Sustainable Deltas in the Anthropocene

Robert Nicholls1, Neil Adger2, Craig Hutton3, Susan Hanson4, Attila Lázár5, Katharine Vincent6, Andrew Allan7, Emma Tompkins8, Iñaki Arto9, Munsur Rahman10, Sugata Hazra11, Sam Codjoe12, and Stephen Darby13
Robert Nicholls et al.
  • 1University of East Anglia, UK (robert.nicholls@uea.ac.uk)
  • 2University of Exeter, UK (N.Adger@exeter.ac.uk)
  • 3University of Southampton, UK (cwh@geodata.soton.ac.uk)
  • 4University of Southampton, UK (S.E.Hanson@soton.ac.uk)
  • 5University of Southampton, UK (A.Lazar@soton.ac.uk)
  • 6Kulima Integrated Development Solutions (Pty) Ltd, South Africa (katharine@kulima.com)
  • 7Dundee University, UK (A.A.Allan@dundee.ac.uk)
  • 8University of Southampton, UK (e.l.tompkins@soton.ac.uk)
  • 9BC3, Bilbao, Spain (inaki.arto@bc3research.org)
  • 10IWFM. BUET, Dhaka, Bangladesh (munsurbuet1989@gmail.com)
  • 11Jadavpur University, Kolkata, India (sugata_hazra@yahoo.com)
  • 12University of Ghana, Accra, Ghana (SCodjoe@ug.edu.gh)
  • 13University of Southampton, UK (s.e.darby@soton.ac.uk)

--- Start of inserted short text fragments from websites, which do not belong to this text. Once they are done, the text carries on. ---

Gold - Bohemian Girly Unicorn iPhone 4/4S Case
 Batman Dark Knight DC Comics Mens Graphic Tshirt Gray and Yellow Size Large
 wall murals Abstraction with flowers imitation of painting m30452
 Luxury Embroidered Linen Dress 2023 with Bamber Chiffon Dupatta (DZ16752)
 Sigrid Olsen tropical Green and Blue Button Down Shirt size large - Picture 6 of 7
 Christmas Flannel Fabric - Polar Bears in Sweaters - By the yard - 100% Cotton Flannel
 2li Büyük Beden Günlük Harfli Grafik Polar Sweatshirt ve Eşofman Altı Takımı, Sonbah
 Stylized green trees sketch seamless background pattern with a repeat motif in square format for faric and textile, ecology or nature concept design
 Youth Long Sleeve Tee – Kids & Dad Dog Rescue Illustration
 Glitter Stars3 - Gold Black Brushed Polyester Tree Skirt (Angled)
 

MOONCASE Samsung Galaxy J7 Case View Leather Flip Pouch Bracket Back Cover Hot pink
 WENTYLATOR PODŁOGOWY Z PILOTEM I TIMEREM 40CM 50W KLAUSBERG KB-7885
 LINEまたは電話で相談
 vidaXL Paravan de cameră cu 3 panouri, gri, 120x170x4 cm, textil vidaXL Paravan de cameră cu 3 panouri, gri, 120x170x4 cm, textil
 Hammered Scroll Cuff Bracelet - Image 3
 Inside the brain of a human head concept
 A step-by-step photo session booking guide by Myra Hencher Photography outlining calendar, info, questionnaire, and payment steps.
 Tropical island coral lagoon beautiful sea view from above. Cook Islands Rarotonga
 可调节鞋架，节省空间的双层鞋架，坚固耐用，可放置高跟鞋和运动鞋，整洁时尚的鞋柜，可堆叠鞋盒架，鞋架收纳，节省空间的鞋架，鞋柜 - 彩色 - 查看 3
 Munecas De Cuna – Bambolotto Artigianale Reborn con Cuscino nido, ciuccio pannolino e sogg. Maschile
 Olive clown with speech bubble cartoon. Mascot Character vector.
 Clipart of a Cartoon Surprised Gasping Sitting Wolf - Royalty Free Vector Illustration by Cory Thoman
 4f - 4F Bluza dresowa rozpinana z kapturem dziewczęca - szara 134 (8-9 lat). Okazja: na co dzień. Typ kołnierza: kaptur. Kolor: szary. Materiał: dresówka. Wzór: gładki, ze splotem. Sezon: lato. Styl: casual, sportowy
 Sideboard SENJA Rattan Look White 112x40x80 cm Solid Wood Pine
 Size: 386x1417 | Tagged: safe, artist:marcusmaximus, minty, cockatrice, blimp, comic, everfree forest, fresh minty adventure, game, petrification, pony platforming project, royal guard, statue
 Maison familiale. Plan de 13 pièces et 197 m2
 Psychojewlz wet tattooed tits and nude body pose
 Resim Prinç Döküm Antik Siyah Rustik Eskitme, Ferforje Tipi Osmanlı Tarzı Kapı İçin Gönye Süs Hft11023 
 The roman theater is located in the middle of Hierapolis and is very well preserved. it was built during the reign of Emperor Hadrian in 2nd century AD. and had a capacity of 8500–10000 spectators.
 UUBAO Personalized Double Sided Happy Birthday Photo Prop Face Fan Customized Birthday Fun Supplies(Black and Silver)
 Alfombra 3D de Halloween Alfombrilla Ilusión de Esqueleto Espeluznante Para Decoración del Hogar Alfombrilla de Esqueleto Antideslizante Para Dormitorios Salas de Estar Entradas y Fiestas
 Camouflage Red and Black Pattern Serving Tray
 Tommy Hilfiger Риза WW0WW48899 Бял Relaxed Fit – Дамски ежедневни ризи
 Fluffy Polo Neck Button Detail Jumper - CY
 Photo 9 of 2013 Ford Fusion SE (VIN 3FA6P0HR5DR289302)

Populous deltas exemplify many of the diverse social and environmental changes and challenges that are emerging across the planet during the Anthropocene. Loss of relative elevation due to relative sea-level rise (combining climate and subsidence effects) is one major threat, but there are others such as catchment changes (e.g., water extraction and dam construction) which reduce water and sediment inputs. Rapid socio-economic changes within a delta (e.g., migration, urbanisation, economic transition and land use change) are also widespread and frequently add further pressures on the environmental resources  contained within delta systems. There are long histories of evolving adaptation practice at household to community level. In the long-term (i.e. 2100 and beyond), given relative sea-level rise, there are three distinct (but not necessarily mutually exclusive) policy choices for deltas: (i) retreat and progressive abandonment of the coastal zone; (ii) protection with ever-higher defences, growing pumping needs, and residual risk issues; or (iii) raise land elevation by controlled sedimentation. Building elevation is an attractive option if sufficient sediment is available, and there are now a few innovative examples that show it can be delivered to the delta surface— for example, through strategic raising of agricultural and natural areas with controlled sedimentation. One challenge is to accomplish this in a way which does not disrupt the livelihoods of the delta residents. Further is sufficient sediment available now or in the future, and what about growing urban areas where flood defence is likely to remain the norm? This raises the question about the trade-off between elevation and wealth. Many deltas cope with ‘lost elevation’ via defences: the Netherlands is most advanced in this approach, but such defences are expensive, require access to technology, and require sophisticated governance arrangements to deliver. A range of potential adaptation options at different scales and with different levels of cost will be required to sustain delta futures. This presentation examines potential adaptation options and trade-offs and delta trajectories in a range of examples including the Volta delta, Ghana, the Mahanadi delta, India and the Ganges-Brahmaputra-Meghna delta, India and Bangladesh.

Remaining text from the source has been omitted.